An Honest Chat About Mental Health After Transplant


So yesterday I had a meltdown of epic proportions that would shame even Gemma Collins herself (or make her proud, I'm not quite sure actually.) The irony of getting upset about being ill making you even more ill so you end up in a ridiculous circle! Transplant doesn't magic away all of your problems, I still have CF so have some of the same issues and am now faced with new ones too. Of course life has improved so much, I'm so grateful to be able to do more and have this extra time so I think some people may read this and think I'm being so bratty! But I think it's important to talk about, so I will.

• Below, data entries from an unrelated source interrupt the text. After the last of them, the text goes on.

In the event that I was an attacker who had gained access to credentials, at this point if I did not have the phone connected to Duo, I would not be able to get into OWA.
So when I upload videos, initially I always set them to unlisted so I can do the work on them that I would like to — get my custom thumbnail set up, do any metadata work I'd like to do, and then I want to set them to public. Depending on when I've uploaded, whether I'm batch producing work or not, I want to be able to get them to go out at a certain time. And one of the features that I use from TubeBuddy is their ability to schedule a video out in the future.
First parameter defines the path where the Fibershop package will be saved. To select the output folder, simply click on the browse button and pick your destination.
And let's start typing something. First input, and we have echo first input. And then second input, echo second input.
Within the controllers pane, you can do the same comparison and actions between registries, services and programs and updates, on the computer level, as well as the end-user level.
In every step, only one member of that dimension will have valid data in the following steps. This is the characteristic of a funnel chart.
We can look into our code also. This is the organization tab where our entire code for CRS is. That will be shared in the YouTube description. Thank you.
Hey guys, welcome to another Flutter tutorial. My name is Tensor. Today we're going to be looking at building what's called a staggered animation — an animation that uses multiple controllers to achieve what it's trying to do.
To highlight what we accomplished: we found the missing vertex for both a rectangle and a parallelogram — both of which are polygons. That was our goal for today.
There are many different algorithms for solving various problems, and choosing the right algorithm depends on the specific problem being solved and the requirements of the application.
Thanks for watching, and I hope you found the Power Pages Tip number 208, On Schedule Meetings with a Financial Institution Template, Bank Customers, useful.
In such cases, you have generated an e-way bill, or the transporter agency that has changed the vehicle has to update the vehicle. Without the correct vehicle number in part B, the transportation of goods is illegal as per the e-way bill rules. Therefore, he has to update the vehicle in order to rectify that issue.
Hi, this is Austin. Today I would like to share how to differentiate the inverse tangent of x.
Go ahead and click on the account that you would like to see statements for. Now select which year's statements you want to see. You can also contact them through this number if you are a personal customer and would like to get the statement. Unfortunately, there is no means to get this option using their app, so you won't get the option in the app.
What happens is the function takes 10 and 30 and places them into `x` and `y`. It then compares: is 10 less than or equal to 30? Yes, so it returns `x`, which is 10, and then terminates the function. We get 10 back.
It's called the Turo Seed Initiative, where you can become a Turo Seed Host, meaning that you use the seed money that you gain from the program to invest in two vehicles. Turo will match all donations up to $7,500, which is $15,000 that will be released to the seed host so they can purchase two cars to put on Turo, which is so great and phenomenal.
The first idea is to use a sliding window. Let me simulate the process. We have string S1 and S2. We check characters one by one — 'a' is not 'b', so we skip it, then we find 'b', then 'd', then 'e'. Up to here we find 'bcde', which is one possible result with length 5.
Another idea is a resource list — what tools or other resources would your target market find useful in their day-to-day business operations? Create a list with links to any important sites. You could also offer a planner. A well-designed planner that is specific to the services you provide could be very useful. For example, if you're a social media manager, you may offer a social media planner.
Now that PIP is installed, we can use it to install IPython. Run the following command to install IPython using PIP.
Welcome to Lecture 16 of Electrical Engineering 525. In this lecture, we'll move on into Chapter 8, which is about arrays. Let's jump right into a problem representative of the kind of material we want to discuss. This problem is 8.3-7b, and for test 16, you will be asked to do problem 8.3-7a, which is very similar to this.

Since transplant I've written a lot about all the fun things I've been able to do, I've honestly been having the time of my life. However with the extreme highs come the extreme lows, there are some days I don't even want to get out of bed but I make myself because I feel so guilty for feeling down and wasting a day. Like I'm sure my donor and their family didn't envision that life when they agreed to organ donation so want to keep my side of the deal as it were as every day I make them a little promise  in my head that I'm gonna do something fun and worthwhile and not waste a moment (although the things my geeky self thinks are fun and worthwhile and a good use of time may be up for debate hahaha.) But obviously I'm only human so still have down days, I can fight it and I do but I think I am allowed to feel a bit crap some days as much as the next person. I had this a bit pre transplant due to all the crap that comes with having CF but I think it's gotten worse post transplant. I don't know why it's worse now when in theory it should be better, I mean I know some of my medication now really affects my mood but I think also before when I was ill there was always a bit of hope. Hope that I'd bounce back from an infection then when it became clear that I wouldn't, hope that I'd get my new lungs. There was even hope, no matter how tiny, that better treatments or even a cure for cystic fibrosis would come in time for me. Transplant is your back up plan if your lungs fail and if you're lucky enough to get them it's your second chance of life but also your last, which is why you've gotta make the most of whatever time you get with your new lungs! I've said before how this isn't necessarily a bad thing because I do think I'm making the most of this chance which is why the past year has been so much fun but I do have worries about rejection, especially when sometimes it feels like every week I'm hearing about another person who has passed away from it. I know this might sound really negative but it's not something that I think about all the time, just more hovering in the back of my mind and maybe now I think about my own mortality a bit more than I used to. Like I said, I use this in a positive way but it doesn't mean there's not a darker side to that too.

It's something I've had to adjust to alongside new challenges, things that they don't necessarily prepare you for which is in part why I'm writing this on here in case it helps others. Now I've had transplant it's really fun and exciting trying to catch up, but equally it's tiring. I'm 24 but where I've been ill for the past few years I almost feel like I'm 18 again and let out into the world and I'm trying to cram in a lot of experiences in a short amount of time that other people have done over a few years. I know this is my own fault for trying to follow the crowd and that it's not a race, the notion that you have to have ticked off certain things by a certain age is silly and made up but still we do it anyway because although we know it's overrated deep down most of us want normal lives and to fit in. But it's true that when I was ill my life did kind of come to a standstill while the rest of the world kept turning and now I've jumped back in it's only natural I'd stumble a bit and have a bit of trouble finding my feet. At first I was on a high, loving my new lease of life and good health and independence but maybe now things have calmed down I'm facing reality a bit more, I don't really know. Also actual transplant has been playing on my mind, it was all completely worth it of course but it was the most horrendous experience of my life which I don't think I've really gone into fully on here. I know it was over a year ago and I should be over it but it's only now really that it hits me and I realise the full enormity of almost dying, not when I was l like 'OMG, Alexa Chung liked my photo I DIE' but more like 'Oh hi, I'm on life support in desperate need of new lungs asap or I will literally, actually die, be dead, be gone.' That is bound to put one on a downer now and again.

I think I'll end it there, I really hope no one takes this as being ungrateful or that I'm putting organ donation in a negative light - if you read this blog regularly you know how it's the best thing that ever happened to me, I love life and have written plenty about it. Plus, like I said, it seems things are in extremes these days with the highs and lows. I'm so lucky to have the most understanding family and friends ever but there does seem to be this expectation of transplants being a cure, of life being totally amazing after and while there's no doubt it's so much better it's certainly not perfect because no one's life is. So I thought I'd write this so that even one person in the same boat knows it's nothing to be guilty or ashamed about and that they're not alone in these feelings. If you've had transplant, don't let anyone tell you you're not allowed to feel down or sad ever because of that as you're still human and in fact have been through more than other people - don't let anyone make you feel guilty or try to invalidate your feelings.

 Although that goes for everyone, transplant/chronic illness or not! It's all relative, we all have our own problems.